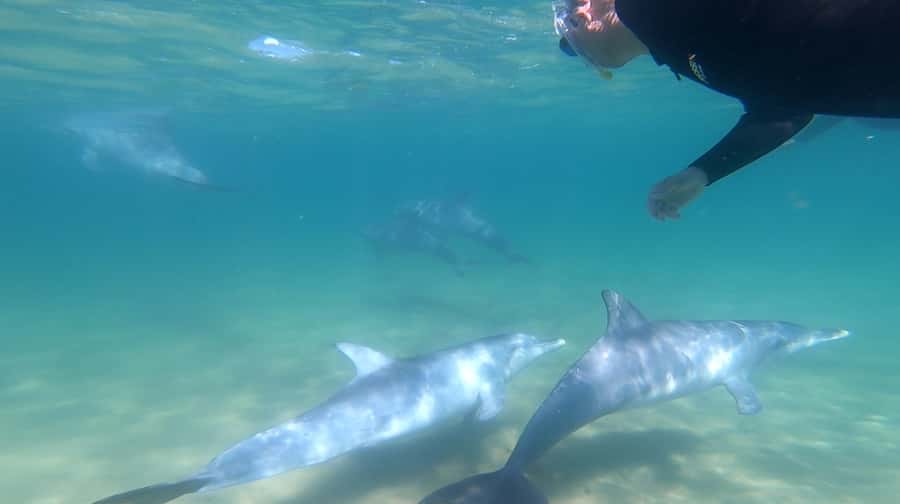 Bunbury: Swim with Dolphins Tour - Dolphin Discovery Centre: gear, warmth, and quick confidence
++++
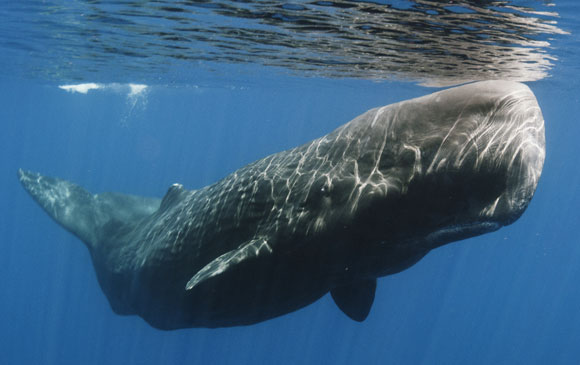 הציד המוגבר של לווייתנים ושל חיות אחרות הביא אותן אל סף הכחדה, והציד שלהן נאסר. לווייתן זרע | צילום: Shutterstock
++++
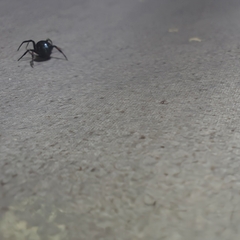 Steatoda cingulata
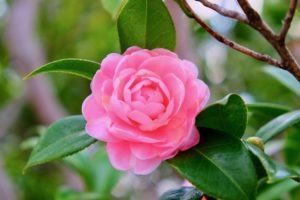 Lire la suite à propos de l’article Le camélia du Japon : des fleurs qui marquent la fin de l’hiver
++++
▶ [EXERCISE REQUIREMENTS] Here the job is to copy the listing above word for word, starting at the line with "Steatoda cingulata" and ending at the line with "Lire la suite", and to leave out the pictures.

▶ [COMPLETED EXERCISE]
 Steatoda cingulata
 Lire la suite à propos de l’article Le camélia du Japon : des fleurs qui marquent la fin de l’hiver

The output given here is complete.